(PROVIDED MATERIAL)

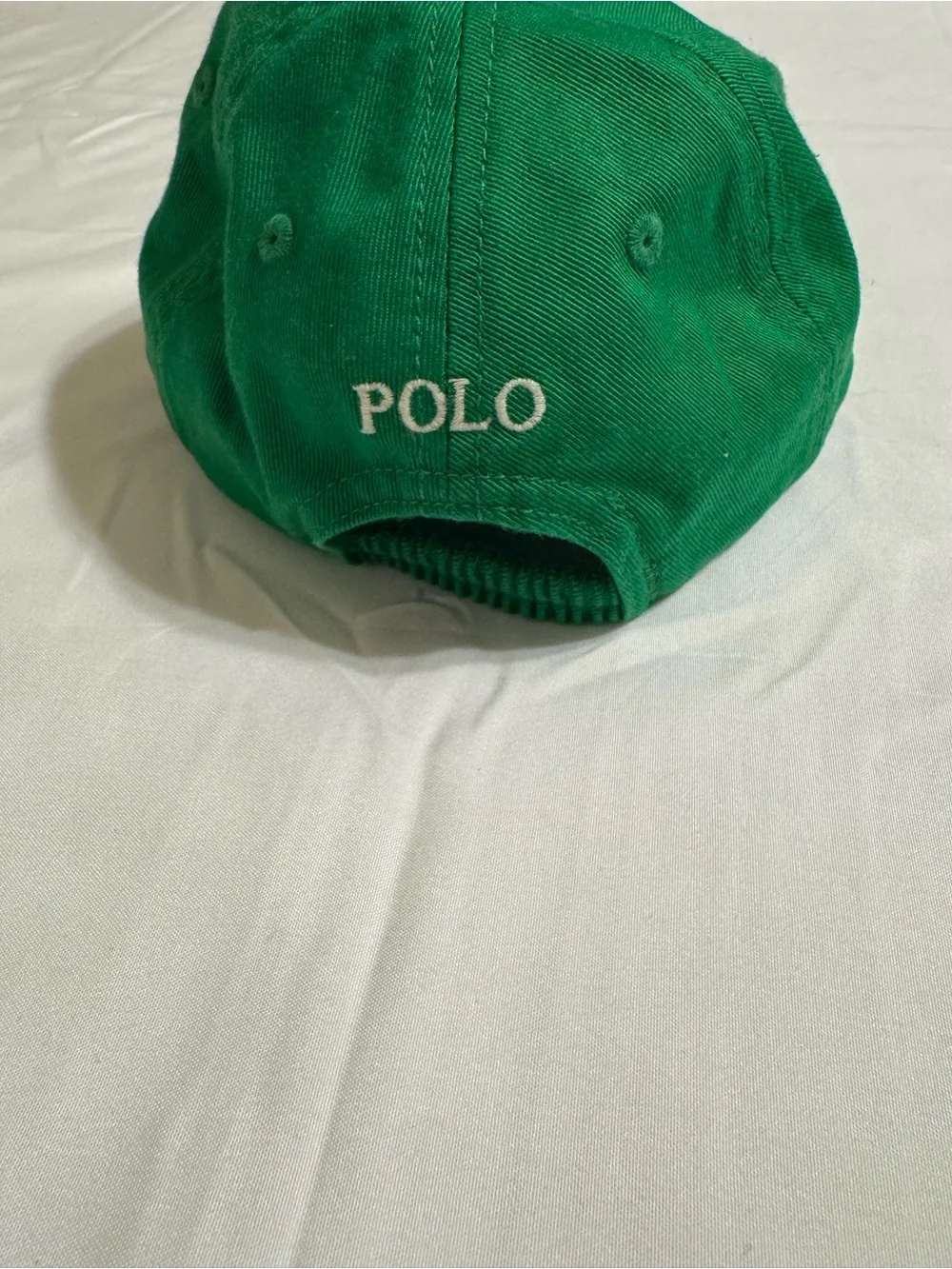 Ralph Lauren Polo Green Kids Polo Cap with White Pony Logo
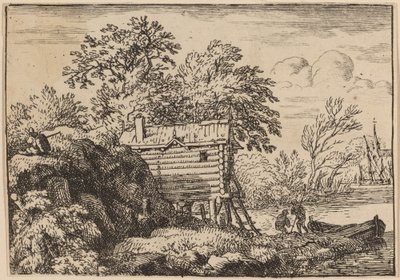 Cabane de pêcheur - Allart van Everdingen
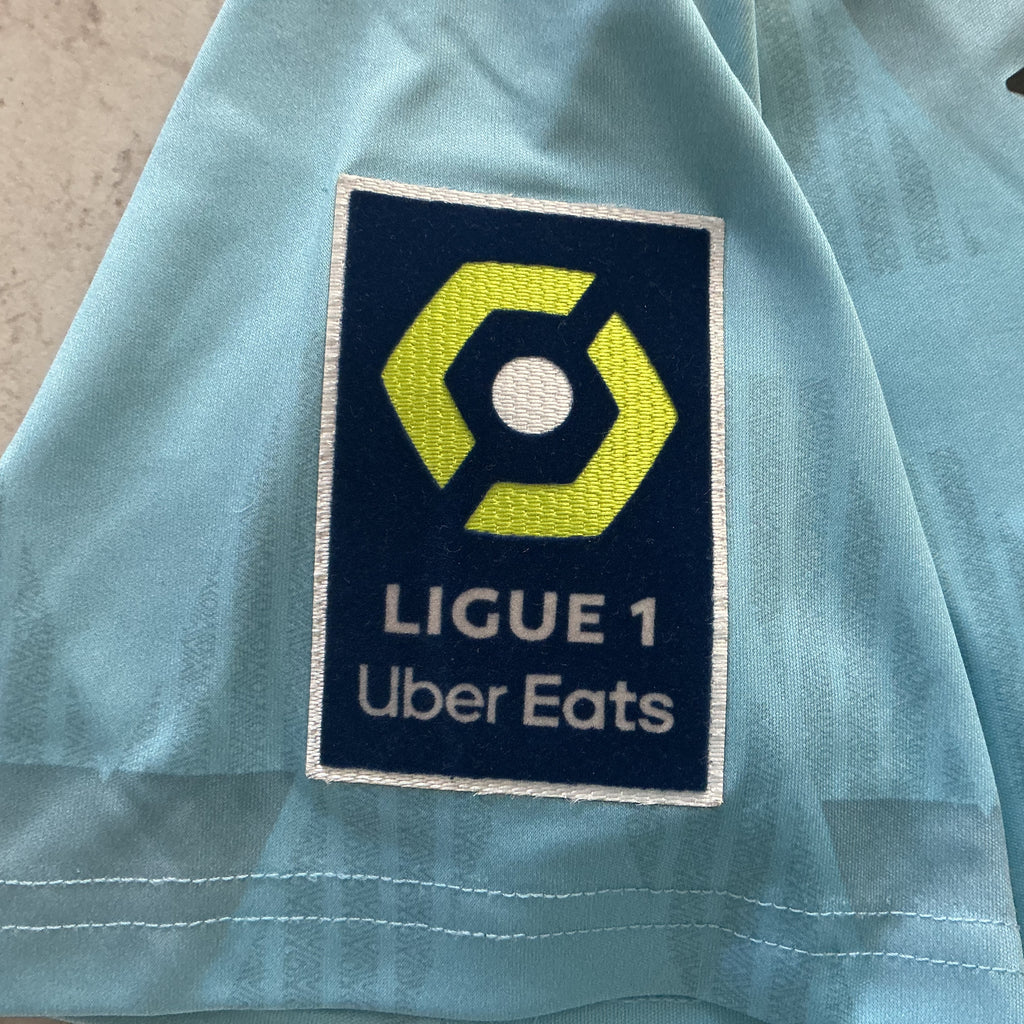 Maillot de foot UMBRO du STADE de REIMS (porté N.1 PENTZ) saison 2024-25 match armistice bleuet de france 11ème journée contre Le HAVRE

(End PROVIDED MATERIAL)

Nothing but the pictures should be left out when the listing is repeated exactly.

 Ralph Lauren Polo Green Kids Polo Cap with White Pony Logo
 Cabane de pêcheur - Allart van Everdingen
 Maillot de foot UMBRO du STADE de REIMS (porté N.1 PENTZ) saison 2024-25 match armistice bleuet de france 11ème journée contre Le HAVRE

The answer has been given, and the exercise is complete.